ADDRESSING SYSTEMIC RISKS POSED BY DERIVATIVES
Common sense safeguards will protect taxpayers against the need for future bailouts and buffer the financial system from excessive risk-taking. Over-the-counter derivatives will be regulated by the SEC and the CFTC, more will be cleared through centralized clearing houses and traded on exchanges, un- cleared swaps will be subject to margin and capital requirements, and all trades will be reported so that regulators can monitor risks in this large, complex market.
Why Change is Needed: The over-the-counter derivatives market has exploded in the last decade – from $91 trillion in 1998 to $592 trillion in 2008. During last year’s financial crisis, concerns about the ability of companies to make good on these contracts and the lack of transparency about what risks existed caused credit markets to freeze.

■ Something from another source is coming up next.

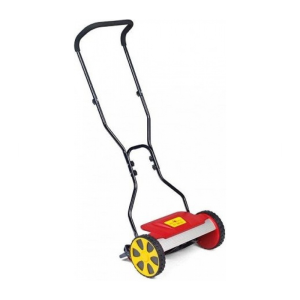 Kosačka vretenová 38 cm TT 380 DL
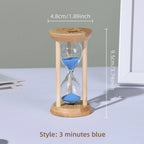 Hourglass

Investors were afraid to trade as Bear Stearns, AIG, and Lehman Brothers failed because any new transaction could expose them to more risk.
Over-the-counter derivatives are supposed to be contracts that protect businesses from risks, but they became a way for companies to make enormous bets with no regulatory oversight or rules and therefore exacerbated risks. Because the derivatives market was considered too big and too interconnected to fail, taxpayers had to foot the bill for Wall Street’s bad bets. Those bad bets linked thousands of traders, creating a web in which one default threatened to produce a chain of corporate and economic failures worldwide. These interconnected trades, coupled with the lack of transparency about who held what, made unwinding the “too big to fail” institutions more costly to taxpayers.
Bringing Transparency and Accountability to the Derivatives Market
Closes Regulatory Gaps: Provides the SEC and CFTC with authority to regulate over-the-counter derivatives so that irresponsible practices and excessive risk-taking can no longer escape regulatory oversight. Uses the Administration’s outline for a joint rulemaking process with the Agency for Financial Stability stepping in if the two agencies can’t agree.
Central Clearing and Exchange Trading: Requires central clearing and exchange trading for derivatives that can be cleared and provides a role for both regulators and clearing houses to determine which contracts should be cleared. Requires the SEC and the CFTC to pre-approve contracts before clearing houses can clear them.
Safeguards for Un-Cleared Trades: Requires traders post margin and capital on un-cleared trades in order to offset the greater risk they pose to the financial system and encourage more trading to take place in transparent, regulated markets.
Market Transparency: Requires data collection and publication through clearing houses or swap repositories to improve market transparency and provide regulators important tools for monitoring and responding to risks.